Pelajaran dari Banjir dan Longsor di Sumatera
Strategi ini bukan tanpa dasar. Bulog mencatat, pola distribusi logistik yang fleksibel terbukti efektif saat menangani banjir dan tanah longsor di Pulau Sumatera. Pengalaman di Aceh, Sumatera Utara, dan Sumatera Barat menjadi acuan utama perubahan pola penyaluran bantuan.
"Ini pengalaman, kami kemarin di Aceh, di Sumatera Utara, dan Sumatera Barat itu lebih fleksibel kalau berasnya ditempatkan di bandara dan di pelabuhan sehingga begitu ada pergerakan, informasi cepat bisa didorong, tidak menunggu lagi harus mengambil di gudang," jelasnya.
Dengan pola baru ini, Bulog berharap respons kemanusiaan di NTT bisa jauh lebih cepat dibanding penanganan bencana sebelumnya.

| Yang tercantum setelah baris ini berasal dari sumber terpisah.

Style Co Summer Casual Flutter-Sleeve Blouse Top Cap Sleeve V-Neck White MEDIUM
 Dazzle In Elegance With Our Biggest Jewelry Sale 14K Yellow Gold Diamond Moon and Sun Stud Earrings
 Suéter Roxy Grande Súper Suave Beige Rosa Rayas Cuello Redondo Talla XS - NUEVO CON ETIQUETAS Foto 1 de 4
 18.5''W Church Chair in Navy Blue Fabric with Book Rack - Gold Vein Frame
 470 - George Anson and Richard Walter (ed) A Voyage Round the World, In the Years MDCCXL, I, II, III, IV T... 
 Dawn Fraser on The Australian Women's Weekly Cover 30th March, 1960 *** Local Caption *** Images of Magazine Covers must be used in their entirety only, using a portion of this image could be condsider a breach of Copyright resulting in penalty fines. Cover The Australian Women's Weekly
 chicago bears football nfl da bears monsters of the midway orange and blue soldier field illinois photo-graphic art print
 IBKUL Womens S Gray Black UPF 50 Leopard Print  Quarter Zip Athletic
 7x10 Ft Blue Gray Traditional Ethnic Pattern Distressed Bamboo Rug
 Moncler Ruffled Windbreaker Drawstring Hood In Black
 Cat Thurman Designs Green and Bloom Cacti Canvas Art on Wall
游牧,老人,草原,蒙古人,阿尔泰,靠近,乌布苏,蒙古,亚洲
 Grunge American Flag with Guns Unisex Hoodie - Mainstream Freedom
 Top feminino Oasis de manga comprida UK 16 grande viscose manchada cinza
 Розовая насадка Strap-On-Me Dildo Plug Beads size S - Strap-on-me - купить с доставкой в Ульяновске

Ketika gempa terjadi, kebutuhan pangan adalah prioritas pertama yang harus dipenuhi, dan kecepatan distribusi menentukan keselamatan warga yang mengungsi.
Antisipasi Kondisi Lapangan yang Berubah Cepat
Ahmad Rizal menambahkan, pendekatan ini sengaja dirancang adaptif mengingat kondisi lapangan pascabencana selalu berubah setiap waktu. Akses jalan darat yang putus atau rusak kerap menjadi hambatan terbesar dalam penyaluran bantuan, sehingga bandara dan pelabuhan menjadi titik paling strategis untuk menyimpan stok darurat.
Langkah ini juga memastikan kesiapan Bulog dalam merespons kebutuhan mendesak yang bisa muncul sewaktu-waktu, tanpa harus menunggu koordinasi panjang atau pembukaan akses logistik dari pusat. Keberadaan stok di bandara dan pelabuhan memangkas waktu tempuh pengiriman secara signifikan.
Dengan cadangan yang sudah ditempatkan di lokasi strategis tersebut, Bulog memastikan pasokan beras untuk warga terdampak gempa di NTT dapat segera disalurkan begitu dibutuhkan. Ini adalah bagian dari komitmen BUMN pangan dalam mendukung penanganan bencana nasional secara cepat dan tepat sasaran.